I went for a long walk up the Strip in lieu of running. There's lots of long stairs all along the Strip to help you walk across the street without impeding traffic. These are great workouts. Uphill doesn't bother my knees, so I sprinted up these. Obese vacationers are appalled at such scenes, but I'm not harming anyone. They take the escalators on either side of the stairs. My thighs feel last nights workout.

New York, New York has a good roller coaster - the Manhattan Express. I waited extra long to get a ride in a front seat. Since I was alone, a seat would have been empty next to me but this beautiful young aeronautical engineer from Miami asked if she could sit with me. Man, that made it 4.387451 times more fun than if I had done it alone! I was going, "Woohoo!" and she thought I was doing that because of the coaster.
Then I got popcorn instead of dinner, because for some reason popcorn was all my stomach could tolerate (I was feeling queezy since lunch). A beautiful woman started talking to me and I thought we could hook up, but then her boyfriend walked up. Man, she was my age and didn't have a ring. How's a guy to get lucky?
Then later, the most beautiful woman in all of Vegas approached me. She had to be 20! Oh, I'm such a stud that young, beautiful 20 year olds can't resist me, right? All I would have to do is pay her $300 dollars (minimum) and she had a place a block-and-a-half away.
Keep in mind [remember], I'm the guy who won't spend $60 on a room. I'm desperate, lonely, and horny as an iguana, but $300/hour?!!! That was a great laugh - but not to her face. She may be a hooker but she hadn't done anything to me to deserve insults. In fact, we talked for about 15 minutes, and I enjoyed it. I was surprised she was willing to waste so much time with me without pressuring me to go someplace. That made me wonder if she was a bored vice cop, but I milked it for all it was worth.
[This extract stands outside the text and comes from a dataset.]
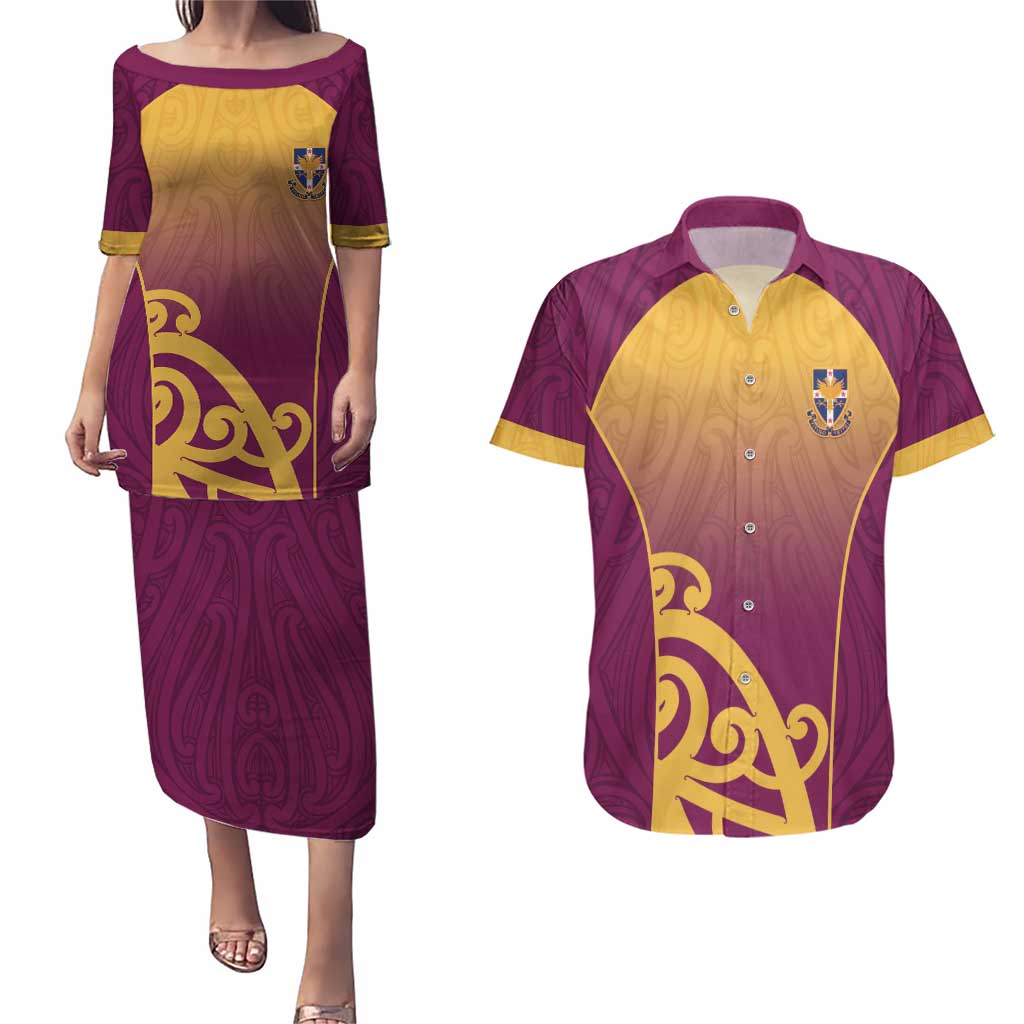 Custom Waiuku College Couples Matching Puletasi and Hawaiian Shirt Maori Koru Pattern LT05 Maroon - Polynesian Pride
Demographics are weird here...
Of the Microsoft conference people, probably 85% are men.
Of the 15% that are women, nearly half of them are Asian.
Of the Asians, men or women, nearly all of them are Japanese.
In Vegas, some very small percentage of the populace, whether local or visiting, are black.
That latter stat is odd because the woman I rode the coaster with, and the woman I met when buying popcorn, and the hooker, were all black. It was as if they all had a meeting and decided that last night was going to be "Extremely Beautiful Black Women for JeffO Night". I'm so glad they did.
The Japanese seem very stoic. Probably because they can't hold a conversation in English. But they're friendly enough when you somehow break through that - although there's lots of clumsy pointing and other sign-language. Hey, maybe if I yell really loud in English they'll be able to understand me? I should try that.
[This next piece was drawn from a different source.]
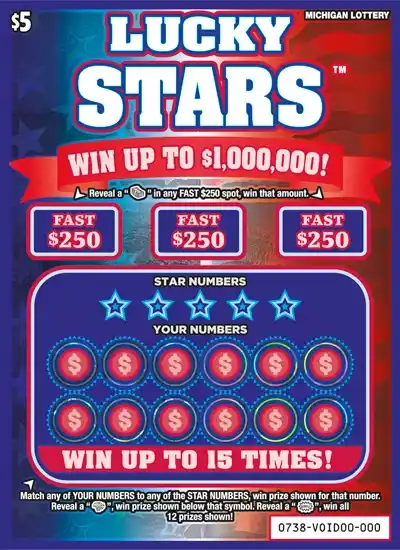 Michigan Lottery Lucky Stars Scratch-Off Ticket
On the way back to my room last night I kept stopping and asking couples if they'd like me to take a photo of them together with their cameras. It's amazing how extremely gratified some people were. It was very cool - repeatedly. My favorite was the old couple that must have been about 70 in front of Caesar's Palace.


At 8:41 PM, Blogger Meghan said...

I cannot believe a prostitute approached you! Wow!
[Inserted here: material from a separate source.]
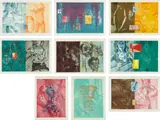 David Salle, Canfield Hatfield Suite, 1989, The complete set of nine aquatints with photo-etching in colors, on Somerset paper, with full margins,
At 2:43 PM, Blogger JeffO said...

What - I'm so old and grody that even a hooker wouldn't want anything to do with me? I see what you're saying. Uh-huh.

At 7:15 PM, Blogger Meghan said...

Oh, can it.

I the reigning queen/authority figure on self depreciation. None of that from you.

You know what I meant. ;)

What's pretty funny about the whole entry is that you make it seem like the only reason you declined her invitation was because she was expensive. Not a mention of the moral dilemma-ing of the issue! Hah!

At 12:22 PM, Blogger JeffO said...

Hey, you're right - the moral dilemma... It's immoral to charge such rates! I agree!
Maybe she'll have a holiday sale?

Actually, I don't see anything wrong with two consenting adults selling or paying for sex. It's dumb to make it illegal.

But for me, it's a big issue - I don't believe in paying for sex. The reasons have nothing to do with morality. A hooker can't give me what I'm after. Quite the opposite.

Just me. I hold nothing against anyone else who handles this subject differently.